* Supplied data
/---
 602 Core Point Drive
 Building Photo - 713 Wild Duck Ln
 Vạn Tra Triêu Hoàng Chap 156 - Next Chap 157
\---
* Task item
Everything in the listing above should be duplicated exactly.

* Reply to the exercise
 602 Core Point Drive
 Building Photo - 713 Wild Duck Ln
 Vạn Tra Triêu Hoàng Chap 156 - Next Chap 157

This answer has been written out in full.